-- RECORDS SHOWN --
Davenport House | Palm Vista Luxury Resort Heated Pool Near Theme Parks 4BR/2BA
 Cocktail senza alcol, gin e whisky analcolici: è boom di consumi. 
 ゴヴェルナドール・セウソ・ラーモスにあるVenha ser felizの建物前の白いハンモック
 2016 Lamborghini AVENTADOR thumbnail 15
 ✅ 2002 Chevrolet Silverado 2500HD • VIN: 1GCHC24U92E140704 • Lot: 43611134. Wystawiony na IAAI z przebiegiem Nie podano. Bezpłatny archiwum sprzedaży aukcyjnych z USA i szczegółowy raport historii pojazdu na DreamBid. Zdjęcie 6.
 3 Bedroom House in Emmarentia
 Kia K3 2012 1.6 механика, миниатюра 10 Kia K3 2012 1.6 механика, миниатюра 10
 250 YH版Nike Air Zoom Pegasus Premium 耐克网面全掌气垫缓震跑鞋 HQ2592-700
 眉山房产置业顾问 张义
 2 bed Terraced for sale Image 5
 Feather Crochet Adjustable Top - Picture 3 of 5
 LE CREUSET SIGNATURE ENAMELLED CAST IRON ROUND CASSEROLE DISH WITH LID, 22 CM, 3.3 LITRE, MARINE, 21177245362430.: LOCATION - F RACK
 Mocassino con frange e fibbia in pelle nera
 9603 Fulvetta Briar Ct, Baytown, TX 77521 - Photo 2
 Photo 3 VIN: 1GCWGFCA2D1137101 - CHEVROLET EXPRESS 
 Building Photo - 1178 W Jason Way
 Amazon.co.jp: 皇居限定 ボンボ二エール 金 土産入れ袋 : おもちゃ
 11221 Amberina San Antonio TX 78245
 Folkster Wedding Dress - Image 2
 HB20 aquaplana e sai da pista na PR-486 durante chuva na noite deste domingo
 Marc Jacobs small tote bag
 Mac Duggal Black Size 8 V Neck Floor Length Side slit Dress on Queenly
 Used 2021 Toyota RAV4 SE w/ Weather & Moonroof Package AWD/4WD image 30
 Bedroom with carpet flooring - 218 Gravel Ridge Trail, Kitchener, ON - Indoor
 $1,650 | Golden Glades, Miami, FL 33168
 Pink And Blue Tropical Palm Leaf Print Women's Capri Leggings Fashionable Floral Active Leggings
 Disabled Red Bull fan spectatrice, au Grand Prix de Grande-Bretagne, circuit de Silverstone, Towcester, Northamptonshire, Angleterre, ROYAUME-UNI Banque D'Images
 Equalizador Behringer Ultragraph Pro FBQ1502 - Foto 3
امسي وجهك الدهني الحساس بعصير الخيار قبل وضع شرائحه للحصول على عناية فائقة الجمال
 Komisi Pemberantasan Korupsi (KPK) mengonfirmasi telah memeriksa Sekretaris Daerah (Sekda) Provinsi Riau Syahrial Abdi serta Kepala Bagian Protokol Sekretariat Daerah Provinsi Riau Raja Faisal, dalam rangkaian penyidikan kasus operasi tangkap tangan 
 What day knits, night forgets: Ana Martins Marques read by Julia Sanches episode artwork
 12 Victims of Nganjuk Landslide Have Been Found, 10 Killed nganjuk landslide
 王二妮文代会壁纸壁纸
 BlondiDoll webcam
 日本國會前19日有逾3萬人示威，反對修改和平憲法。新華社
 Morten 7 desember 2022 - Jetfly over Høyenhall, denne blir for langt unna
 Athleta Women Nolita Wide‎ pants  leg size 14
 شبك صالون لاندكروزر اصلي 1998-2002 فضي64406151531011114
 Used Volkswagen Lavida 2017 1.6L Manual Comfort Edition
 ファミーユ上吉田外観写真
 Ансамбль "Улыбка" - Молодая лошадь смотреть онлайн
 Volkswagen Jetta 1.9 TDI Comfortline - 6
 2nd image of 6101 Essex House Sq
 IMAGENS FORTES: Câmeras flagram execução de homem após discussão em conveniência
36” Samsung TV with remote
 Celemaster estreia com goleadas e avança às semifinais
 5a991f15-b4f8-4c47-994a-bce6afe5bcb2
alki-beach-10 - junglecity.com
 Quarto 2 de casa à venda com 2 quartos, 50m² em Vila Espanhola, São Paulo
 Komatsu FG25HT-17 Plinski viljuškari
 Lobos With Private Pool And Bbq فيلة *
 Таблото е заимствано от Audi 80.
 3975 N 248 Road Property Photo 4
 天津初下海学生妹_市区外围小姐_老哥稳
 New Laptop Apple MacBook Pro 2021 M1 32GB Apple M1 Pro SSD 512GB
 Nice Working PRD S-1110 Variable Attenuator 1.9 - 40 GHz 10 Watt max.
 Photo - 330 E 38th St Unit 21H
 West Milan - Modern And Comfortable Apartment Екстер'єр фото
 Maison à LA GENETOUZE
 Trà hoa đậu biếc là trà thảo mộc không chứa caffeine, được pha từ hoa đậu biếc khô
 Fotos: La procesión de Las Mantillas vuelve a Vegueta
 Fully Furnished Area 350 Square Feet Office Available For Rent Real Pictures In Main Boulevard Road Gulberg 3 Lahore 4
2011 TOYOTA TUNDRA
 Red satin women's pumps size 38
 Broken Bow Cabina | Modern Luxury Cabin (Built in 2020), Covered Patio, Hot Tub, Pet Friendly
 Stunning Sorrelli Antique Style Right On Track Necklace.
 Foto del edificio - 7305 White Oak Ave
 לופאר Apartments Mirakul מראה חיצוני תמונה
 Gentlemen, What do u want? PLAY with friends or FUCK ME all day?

-- TASK STATEMENT --
For the records above, how many lines contain the word "Pool"? Reply with the number only.

-- EXERCISE ANSWER --
2